Joshua, you cut Chivers and his bosses at the NYT ways too much slack on this Georgia question. Bernhardt of Moon of Alabama, I, and numerous non-US news sources were all reporting, at the time, back in August that the OSCE monitors on the ground in Georgia were demurring from the made-in-Washington “story” of how the war got started.

Chivers and the NYT in general either ignored completely or seriously downplayed the value of those monitoring reports back then. Only now, once the meme of “vulnerable, innocent little Georgia” has had three months to take root in the US public discourse, do they go back and mention OSCE monitoring reports whose conclusions were already widely available at the time, and were reported back to OSCE HQ and the EU. (But Washington, also a member of OSCE, apparently didn’t request a briefing on them.)

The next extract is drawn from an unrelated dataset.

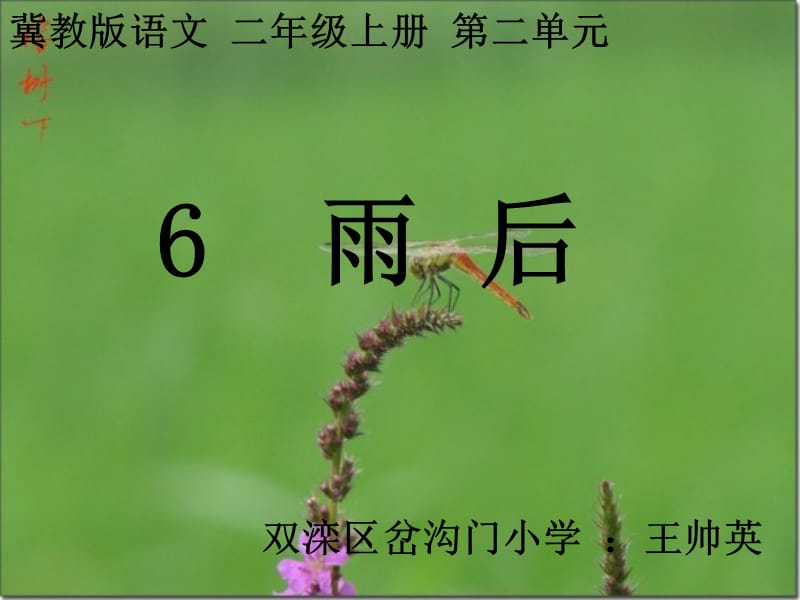 岔溝門小學(xué)冀教版二上《雨后》PPT課件.ppt_第1頁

The only new thing in Chivers’ latest report is buried ways down low where he says that Brit. Army Captain Ryan Grist, who had been head of the OSCE monitoring team, later left his post under unclear circumstances.

You and your readers would benefit from checking out the main post and comments on this at MoA today. You could also go back and check some of what I was blogging in August about the OSCE reports, at Just World News, portal here.

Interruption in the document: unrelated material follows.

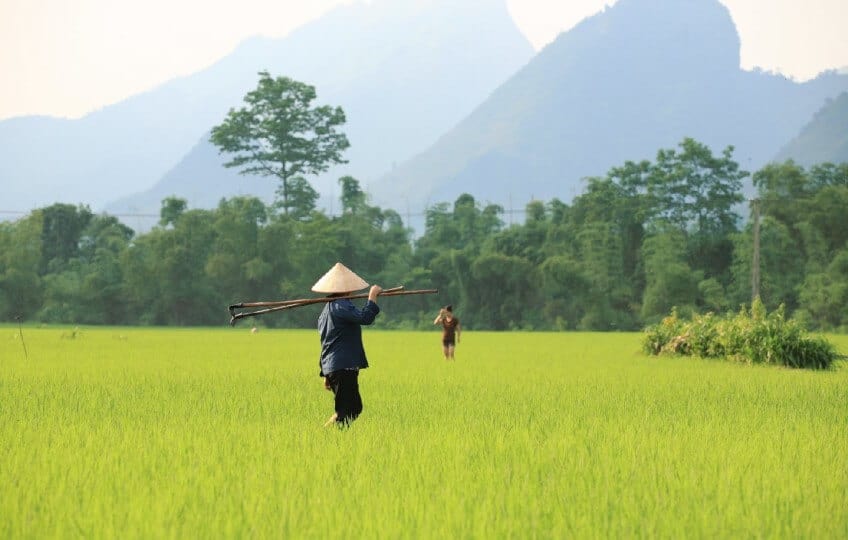 Raisons pour voyager avec Agenda Tour Vietnam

Joshua Foust November 7, 2008 at 4:27 pm

Helena, you and MoA assume that the NYT was supressing information for some reason. I, too, was noting that Georgia seemed to be the aggressor in the conflict, not Russia or South Ossetia. However, all I had to go on was my (limited) understanding of conflict there and the buried news reporting.

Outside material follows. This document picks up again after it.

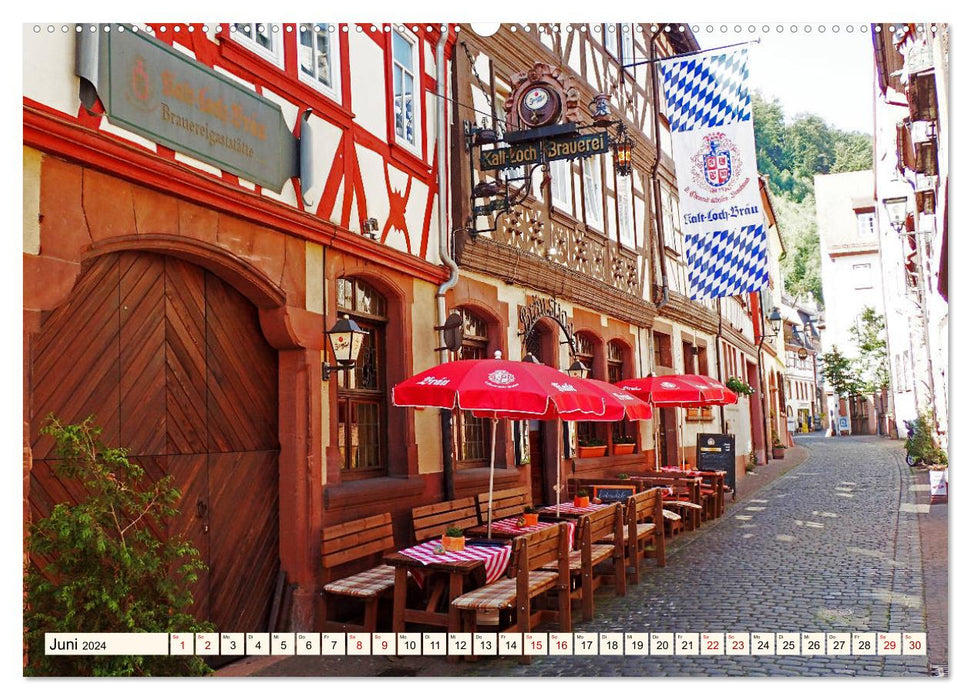Liebenswertes Miltenberg am Main (CALVENDO Premium Wandkalender 2024)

The NYT was one of my main sources for all of this, too. Their reporting has been consistently superior to other American news organizations. Chivers and his editors in New York would have been negligent not to run the story last month about Saakashvili releasing audio recordings of radio broadcasts hinting that Russia attacked first… especially since that was the cornerstone of their declaration of innocence in the whole affair.

Just as they would have been negligent not to report this today. I didn’t see in either yours or MOA’s blogging at the time any evidence that the OSCE observers’ account was conclusive in discounting all other accounts of the conflict — rather, they confirmed your (plural) and my working hypothesis that Georgia was the aggressor. Interesting, yes, but hardly the smoking gun of negligence you’re making it out to be.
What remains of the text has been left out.